## TASK ITEM
Reproduce the listing exactly and skip over any pictures.

## DATA
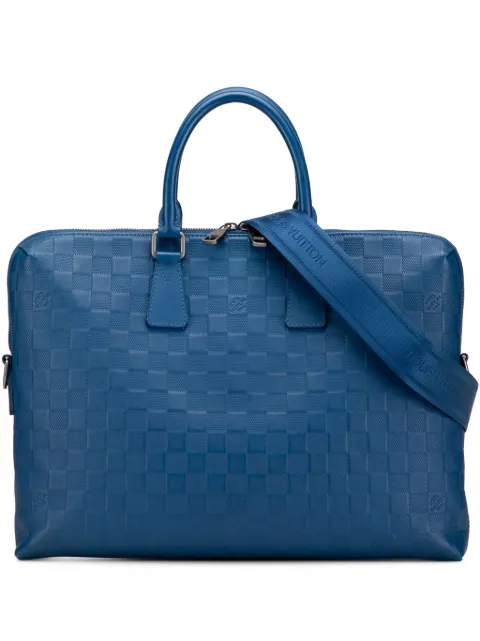 Louis Vuitton Pre-Owned 2014 Damier Infini Porte Documents Jour business bag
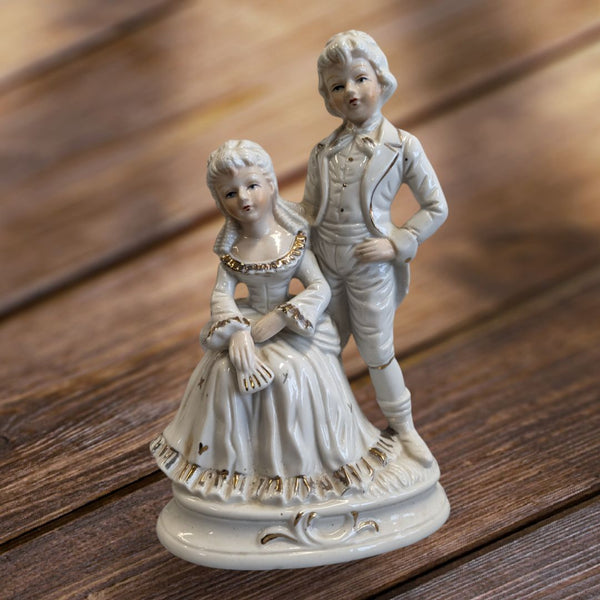 Porcelain Figurine of Woman and Man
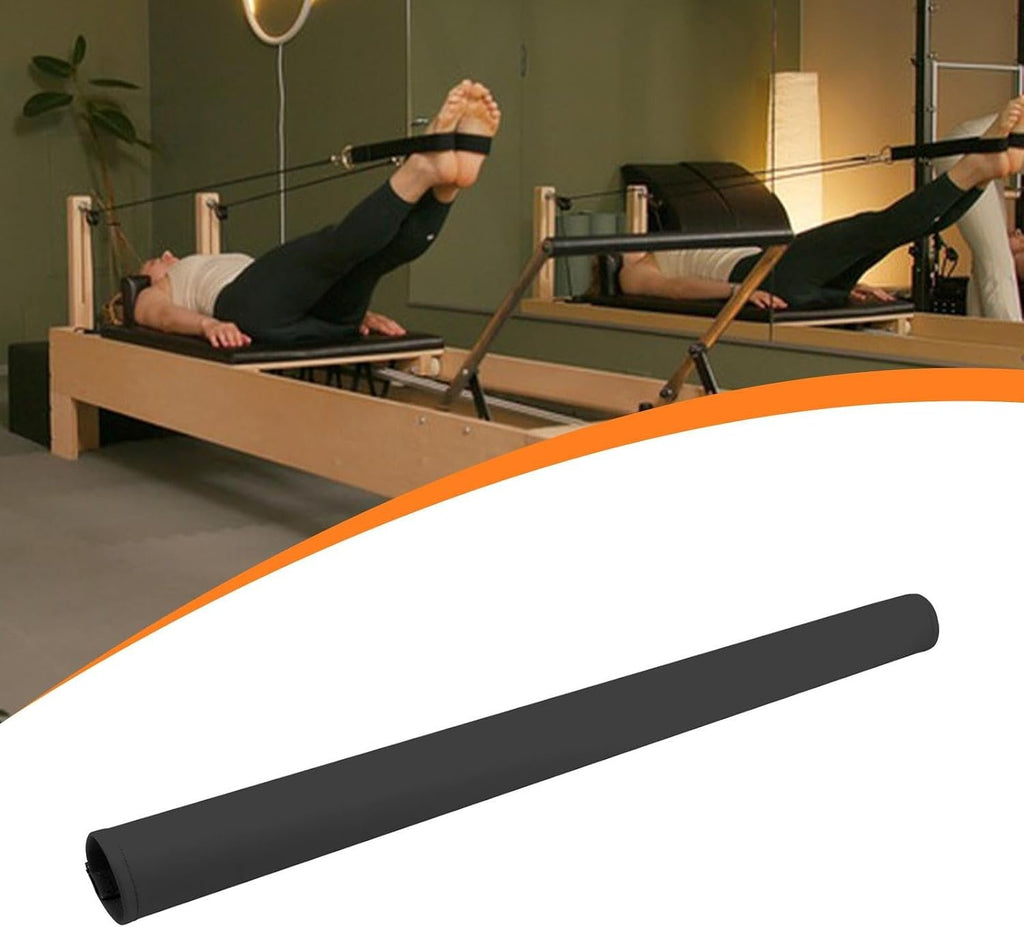 Menolana Bar Cover PU Leather Wear Resistant Bar Protector Handrail Cover Footrest Sleeve for Pilates Reformer Exercise Home Gym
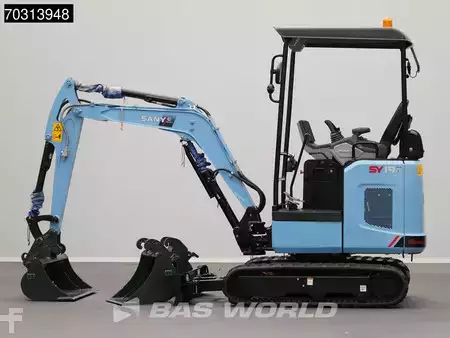 Minibagry 2024 Sany SY19 E 22 kWh - CW/3 Buckets - Lithium-ion (11)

## EXERCISE RESPONSE
 Louis Vuitton Pre-Owned 2014 Damier Infini Porte Documents Jour business bag
 Porcelain Figurine of Woman and Man
 Menolana Bar Cover PU Leather Wear Resistant Bar Protector Handrail Cover Footrest Sleeve for Pilates Reformer Exercise Home Gym
 Minibagry 2024 Sany SY19 E 22 kWh - CW/3 Buckets - Lithium-ion (11)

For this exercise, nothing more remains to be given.